# Hilton Waikoloa Beach Resort-2br plus vs 2 br prem



## Dr. Beast (Aug 30, 2011)

Hello.  I'm in the process of making reservations at the Waikoloa Beach Resort. Never been there before.  Does anybody know any specifics in reference to the difference between a 2 bedroom plus and a 2 bedroom premiere there? I assume that the premiere offers a better view, but is the room itself any different size or amenity-wise?

Thanks in advance for your replies.


----------



## Dr. Beast (Aug 31, 2011)

Looks like the premiere has a jacuzzi tub instead of a "soaking tub".  That's the only difference I notice aside from the view. 
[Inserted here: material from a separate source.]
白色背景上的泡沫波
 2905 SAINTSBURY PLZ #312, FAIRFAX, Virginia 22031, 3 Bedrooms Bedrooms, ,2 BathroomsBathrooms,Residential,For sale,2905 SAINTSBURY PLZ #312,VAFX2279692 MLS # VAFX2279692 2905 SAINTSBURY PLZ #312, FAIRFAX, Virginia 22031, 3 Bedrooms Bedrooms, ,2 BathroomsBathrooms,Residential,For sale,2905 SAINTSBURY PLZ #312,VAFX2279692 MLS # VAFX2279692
Another question -- would anyone know if the 2 bedroom plus units are all on the first floor?  The description of a premiere specifically says that those units are on second or third floor, but the plus units do not make a distinction of what floor they are located on.  I was also under the impression that the suites at Waikoloa had washer/dryer in the unit  --  this doesn't appear to be the case based on the description -- I must be confusing it with Kings Land.  
Does anyone know if there is "community laundry" available at Waikoloa?

Thanks again.


----------



## HatTrick (Aug 31, 2011)

Premier units are on the third floor or are end units on the second floor. Plus units are on the second floor or are end units on the first floor. All units have a mini washer-dryer combo.


----------



## Bill4728 (Aug 31, 2011)

Please note that the best views at the resort are still not very good. They are from far away and not full ocean views.


----------



## Dr. Beast (Aug 31, 2011)

HatTrick/Bill -- really appreciate your input.  Exactly what I wanted to know.  Booked the reservation last night for the 2 br plus -- now I'll keep my fingers crossed and hope I don't get stuck on the 1st floor. Ha!

Thanks again.


----------



## Emi (Aug 31, 2011)

The 2BR Plus are on the first and second fl of the buildings facing the golf course. Call the front desk a couple of weeks before and ask for a 2nd fl unit. They may accommodate you. The unit sizes are all the same and the 2nd and 3rd fl have pretty much the same view. The premier are the top fl with higher ceilings, jacuzzi, multi head shower, completely tiled bath suite, shower in 2nd bathroom. The benefit of top fl is no above head noise.


----------



## Brkian (Sep 5, 2011)

Dr. Beast said:


> Hello.  I'm in the process of making reservations at the Waikoloa Beach Resort. Never been there before.  Does anybody know any specifics in reference to the difference between a 2 bedroom plus and a 2 bedroom premiere there? I assume that the premiere offers a better view, but is the room itself any different size or amenity-wise?
> 
> Thanks in advance for your replies.



Here's what I found when I called WBR last month when trying to plan my upcoming trip (we opted for Kings Land, but only because we could book open season for the weekends which saved us from coughing up the steeper point value).  WBR has buildings that either face the golf course, or face the road.  All the rooms (all three floors) in the road buildings are considered "standard" room types.  All the rooms in the golf course are "plus" or "premier", with the premier having more favorable location (corner units, or top floor, etc).  I didn't drill into the plus/premier details since all I wanted was a non-first floor standard room.  The bottom line is that the best bang for your points is probably a standard room with a road view and then ask for whatever floor you prefer.  As for the view of the road, I was told that while you can see the sparsely travelled access road to WBR, you also have a beautiful view if you lift your eyes to the landscape beyond it.  Give the front desk a call and they will talk you through the specifics to help you reach a decision that works best for you.


----------



## Pack My Bags (Sep 6, 2011)

Dr. Beast said:


> Looks like the premiere has a jacuzzi tub instead of a "soaking tub".  That's the only difference I notice aside from the view.
> 
> Another question -- would anyone know if the 2 bedroom plus units are all on the first floor?  The description of a premiere specifically says that those units are on second or third floor, but the plus units do not make a distinction of what floor they are located on.  I was also under the impression that the suites at Waikoloa had washer/dryer in the unit  --  this doesn't appear to be the case based on the description -- I must be confusing it with Kings Land.
> Does anyone know if there is "community laundry" available at Waikoloa?
> ...



I own and have stayed in a 2 bedroom premier a few times.   They are on the 3rd floor and do have washer and dryer in the units.  The body showers are fantastic and one of the best features.  I will be staying at Kings Land in 2012 for the first time since I need a 3 bedroom unit.  Toured Kings Land last year and the pool area is very nice; however, my first impression of the unit furnishings is that the Waikoloa Beach units are a little nicer (lots of teak wood, etc.).  Have a great time and enjoy the aloha spirit!


----------